**WORK INSTRUCTION**:
Please reproduce the data exactly, though every picture must stay out.
========================================================================
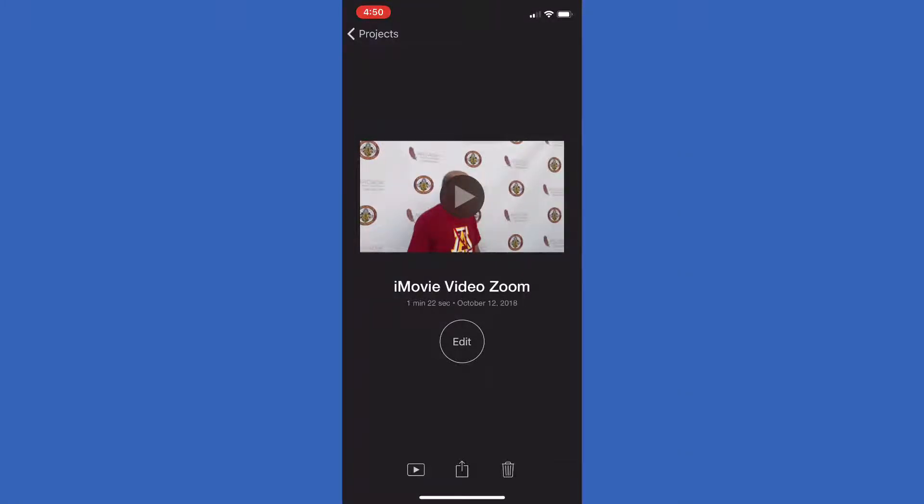Hey everyone, Ryan Ferran here with a quick iMovie video tutorial for the iPhone app.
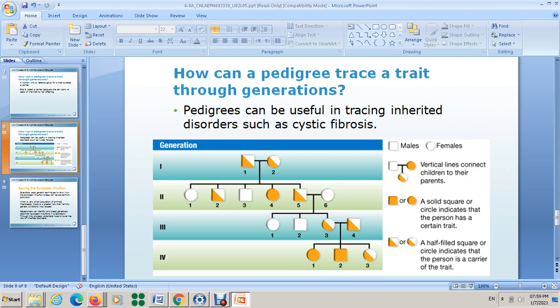Looking at the pedigree, individual number five has a trait and marries a female who does not carry the disease. This disease is then passed to their offspring — some offspring are carriers and the others do not have the allele at all. If a carrier female marries a man who also carries this allele, some of their offspring may have the trait and others may only be carriers.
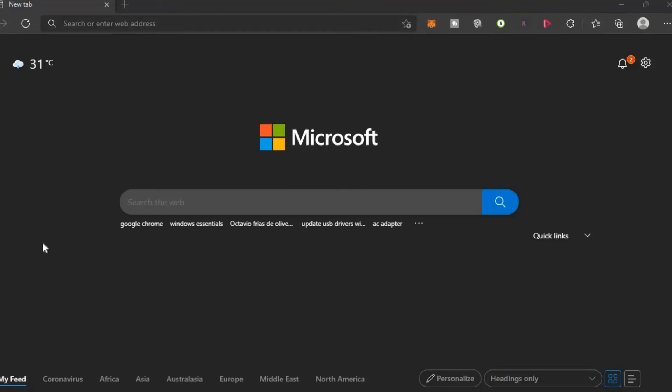Hello, welcome to Simple Answers. I'm your host Jason. In this video, I'll be showing you how to increase font size in Microsoft Edge or how to increase text size in Microsoft Edge.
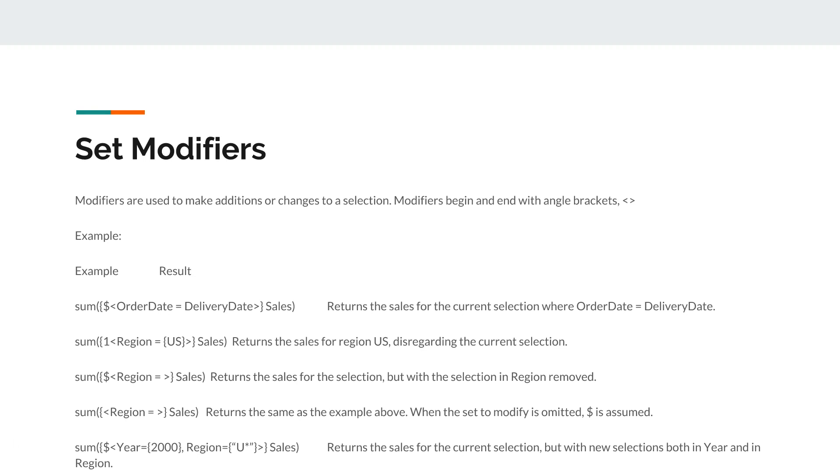That's the quick explanation about set modifiers and some of the examples. Modifiers are heavily used within the set analysis, within the QlikSense applications for the production of the analysis.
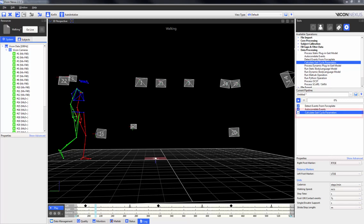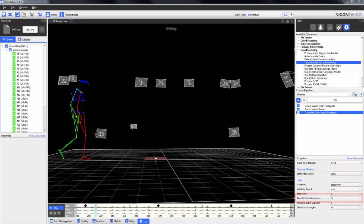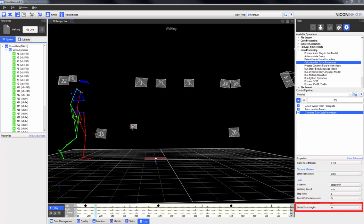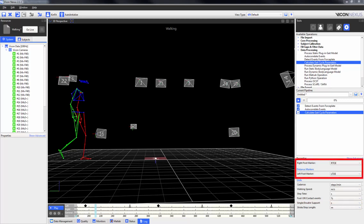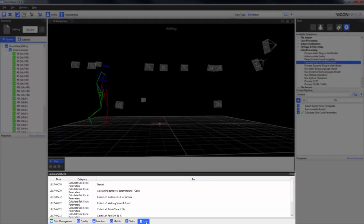Once gait cycle events have been placed in the time bar, the Calculate Gait Cycle Parameters pipeline operation can be used to calculate the cadence, the walking speed, the step time, the foot off and contact events, the single or double support, and the stride and step length parameters. All of these parameters can have their units adjusted, and the left and right markers can also be selected. Once the operation has been run, you can find the parameters in the log window.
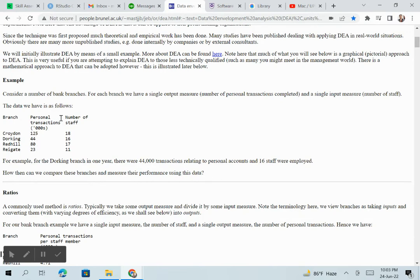The personal transactions figures are: 25 for Croydon, 44 for Tonbridge, 18 for Red Hill, and 23 for Reigate. These are the services provided by the staff. The number of staff at each branch are: 18 for Croydon, 16 for Tonbridge, 17 for Red Hill, and 11 for Reigate. So the first column is the output — the number of transactions provided to customers — and the second column is the input — the number of staff.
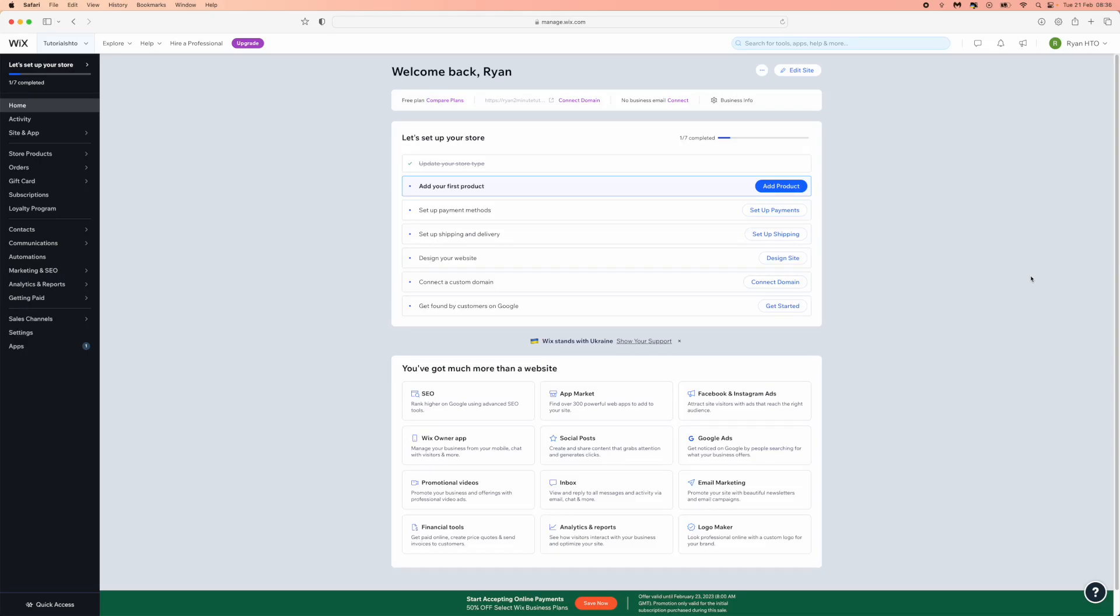Hey guys, welcome back. In today's video I'm going to show you how you can change the account name of your Wix account. So first of all, what you'll need to do is log into your Wix account.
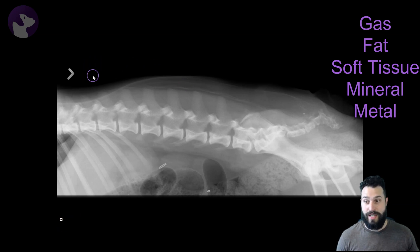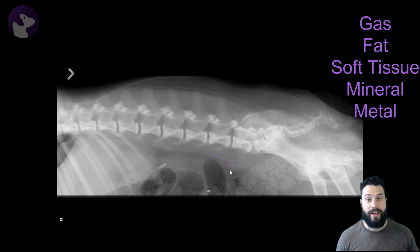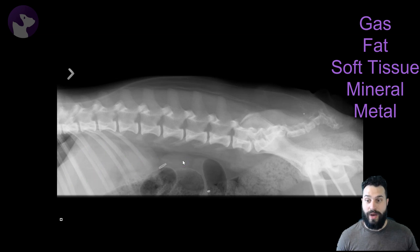We have gas present outside the patient or in the lung. We have fat present in the subcutaneous tissues or in the retroperitoneal space. We have soft tissue present at the level of the liver, the stomach, and the kidneys. We then also have bone present — all of the vertebrae and the pelvis.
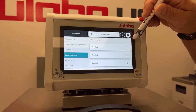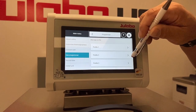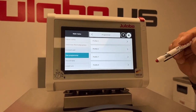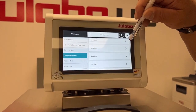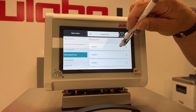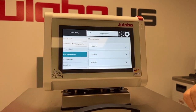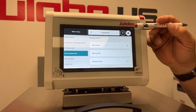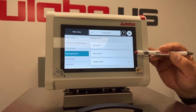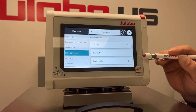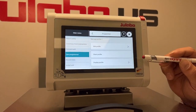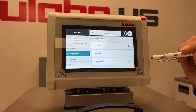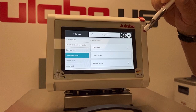There are eight profiles that can be programmed with up to 60 steps each. So we'll select Profile 1. You have several options here: Edit, Clear a Profile if you have it already programmed, or Display, which will give you a graphical display.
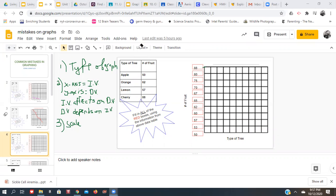Is the type of tree affecting how much fruit, or is the amount of fruit affecting what type of tree it is? The tree is a tree — the different types of trees have different numbers of fruit according to this data. Our type of tree is going to be our independent variable, and what depends on the type of tree is the number of fruit. The dependent is usually what we're measuring. We're not sure how much fruit is on it — we're going to measure it because it's being affected by something else. So type of tree on x-axis and number of fruit on y-axis — labeled correctly.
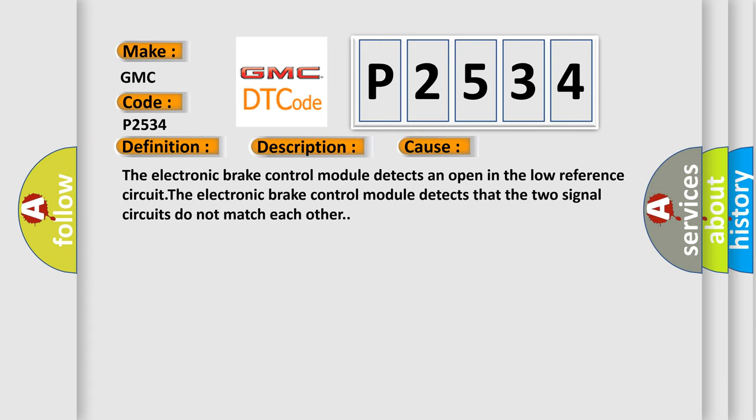The electronic brake control module detects an open in the low reference circuit. The electronic brake control module detects that the two signal circuits do not match each other.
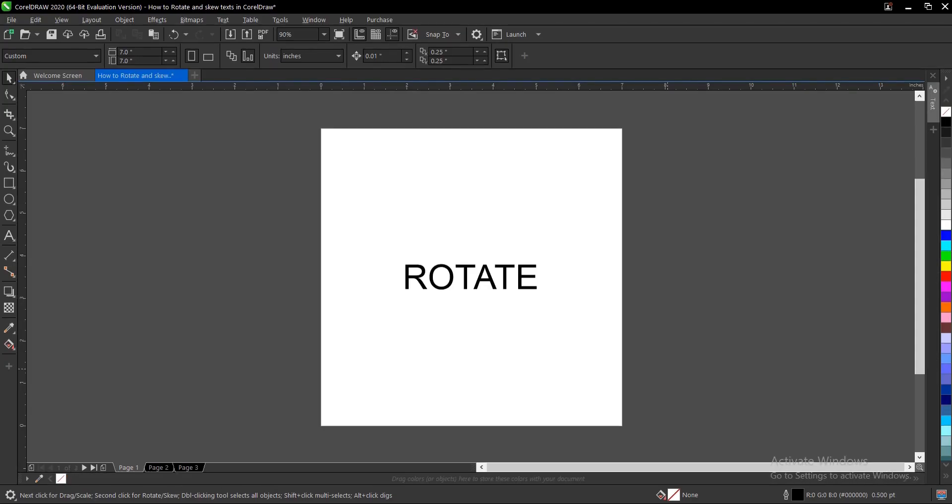To rotate a text in CorelDRAW and to also skew a text in CorelDRAW is very easy. So here's how to do so. We'll start with rotating a text.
========================================================================
**FINISHED TASK**:
Hey everyone, Ryan Ferran here with a quick iMovie video tutorial for the iPhone app.
Looking at the pedigree, individual number five has a trait and marries a female who does not carry the disease. This disease is then passed to their offspring — some offspring are carriers and the others do not have the allele at all. If a carrier female marries a man who also carries this allele, some of their offspring may have the trait and others may only be carriers.
Hello, welcome to Simple Answers. I'm your host Jason. In this video, I'll be showing you how to increase font size in Microsoft Edge or how to increase text size in Microsoft Edge.
That's the quick explanation about set modifiers and some of the examples. Modifiers are heavily used within the set analysis, within the QlikSense applications for the production of the analysis.
Once gait cycle events have been placed in the time bar, the Calculate Gait Cycle Parameters pipeline operation can be used to calculate the cadence, the walking speed, the step time, the foot off and contact events, the single or double support, and the stride and step length parameters. All of these parameters can have their units adjusted, and the left and right markers can also be selected. Once the operation has been run, you can find the parameters in the log window.
The personal transactions figures are: 25 for Croydon, 44 for Tonbridge, 18 for Red Hill, and 23 for Reigate. These are the services provided by the staff. The number of staff at each branch are: 18 for Croydon, 16 for Tonbridge, 17 for Red Hill, and 11 for Reigate. So the first column is the output — the number of transactions provided to customers — and the second column is the input — the number of staff.
Hey guys, welcome back. In today's video I'm going to show you how you can change the account name of your Wix account. So first of all, what you'll need to do is log into your Wix account.
We have gas present outside the patient or in the lung. We have fat present in the subcutaneous tissues or in the retroperitoneal space. We have soft tissue present at the level of the liver, the stomach, and the kidneys. We then also have bone present — all of the vertebrae and the pelvis.
There are eight profiles that can be programmed with up to 60 steps each. So we'll select Profile 1. You have several options here: Edit, Clear a Profile if you have it already programmed, or Display, which will give you a graphical display.
Is the type of tree affecting how much fruit, or is the amount of fruit affecting what type of tree it is? The tree is a tree — the different types of trees have different numbers of fruit according to this data. Our type of tree is going to be our independent variable, and what depends on the type of tree is the number of fruit. The dependent is usually what we're measuring. We're not sure how much fruit is on it — we're going to measure it because it's being affected by something else. So type of tree on x-axis and number of fruit on y-axis — labeled correctly.
The electronic brake control module detects an open in the low reference circuit. The electronic brake control module detects that the two signal circuits do not match each other.
To rotate a text in CorelDRAW and to also skew a text in CorelDRAW is very easy. So here's how to do so. We'll start with rotating a text.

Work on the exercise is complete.